With the return of the US dollar's recovery, the GBP/USD currency pair was the most negatively affected, and it fell from the resistance level of 1.1600 to the support level of 1.1333 at the time of writing the analysis. The gains of the US currency came amid cautious anticipation of the markets and investors to announce US inflation figures, which have a reaction on the policy path of the US Federal Reserve. Amid the current sterling performance, MUFG forex analysts are selling the British pound against the euro, saying in a new note that the recent update of the Bank of England's policy has strengthened their conviction in this trade. “The mix of tighter monetary and fiscal policy will exacerbate the UK recession and will weigh on the pound,” says Derek Halpenny, Head of Market Research at MUFG.

Pound continues to decline

Sterling fell against all other major currencies on Thursday, 3 November after the Bank of England raised interest rates by 75 basis points but warned that the British economy would suffer a recession for eight quarters if it stuck to market expectations by pushing further hikes significantly. This was accepted by the market as a signal from the bank that it will not raise interest rates as much as expected as it heads towards a policy update, reassessing expectations that led to the pound's decline today.
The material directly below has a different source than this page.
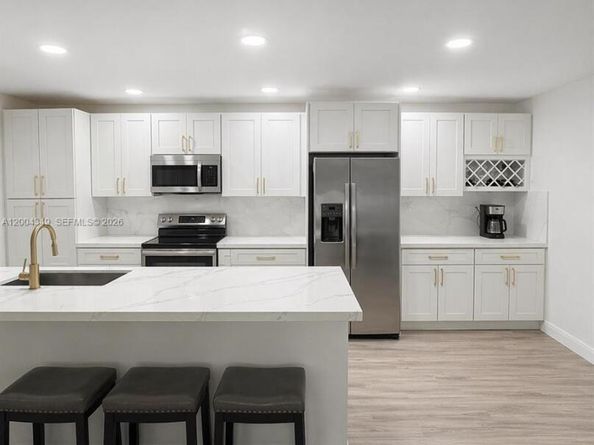 200 High Point Ct E D, Delray Beach FL 33445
For some analysts, this reassessment of expectations will continue to weigh on sentiment towards sterling for some time to come, strengthening their expectations for a subpar performance of the British pound going forward. Analysts at MUFG maintain “the idea of ​​trading the EUR/GBP after the pair rebounded over the past week after failing to break below 0.8600 on a sustainable basis.” MUFG sees bounces as likely to be transient. The Bank of England analyst added: “The Bank of England has given a very strong signal that it is not planning to raise rates as much as it has been priced in by the UK rate market. Meanwhile, the updated BoE forecasts highlighted that the UK economy has likely entered a recession and is now expected to last until mid-2024.”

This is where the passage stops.